Pull request fixes

Automating fixes through pull requests

Now that you’ve pulled in multiple infrastructure sources, you may get overwhelmed at the prospect of fixing the several dozen issues Bridgecrew has identified. To help us implement fixes as fast as possible, Bridgecrew generates and pushes fix pull requests back into your GitHub repository. These fixes are sourced from static recommendations and Smart Fixes that are fixes sourced from your own repositories based on other code that has passed those checks.

Let’s walk through the process with one of the policies you looked at earlier, “Ensure secure transfer required is enabled.”

Bridgecrew Projects page

The lightbulb icon takes you to the Bridgecrew docs for more information about the violation. We can also suppress that check for this specific resource. Finally, in the middle is the Fix button. This enables you to automatically create a pull request with the diff shown. In this case, it will remove the acl with public-read access and force_destroy setting.

That’s a static fix. Next, look for the “Ensure Azure SQL server send alerts to field value is set” violation. There is no one right answer for every company for who should be the contact, but based on other code in my repo, securityengineer@bridgecrew.io is the input I’ve used every time in the past. That’s a lot easier than looking it up.

Smart Fix

You can include other fixes, but for the sake of this workshop, we’ll just do the two. Select Submit.

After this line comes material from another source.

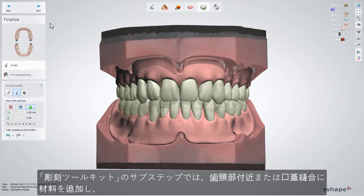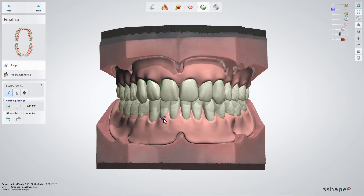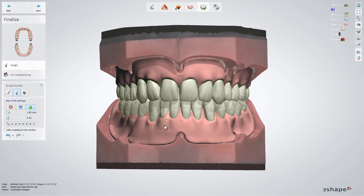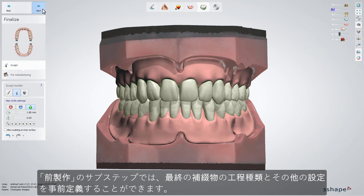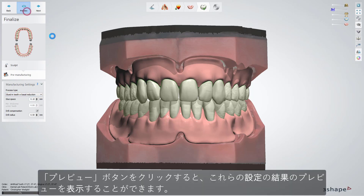At the Sculpt Toolkit sub-step, you can add more material near the cervical area or on the palatal suture, and smooth the surface. In the Pre-Manufacturing sub-step, you can pre-define the process type and other settings for the final restoration. You can also preview these settings by clicking the Preview button.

That created a pull request, but you’ll need to approve the patch to make the changes in your repository. Over in your TerraGoat repository in GitHub, you’ll see a new PR under the “Pull requests” tab, which is ready for review:

GitHub with a Code Review

Because of the scans from previous steps, the Merge button won’t be highlighted. Merge the patch anyway. You’ll receive a confirmation that the PR was merged and closed.

Successful PR

Make sure to pull the origin locally to update your local copy of TerraGoat with the patch.

Congratulations!

You’ve built an automated IaC scanning workflow in a live environment and automated the fixing of an IaC template!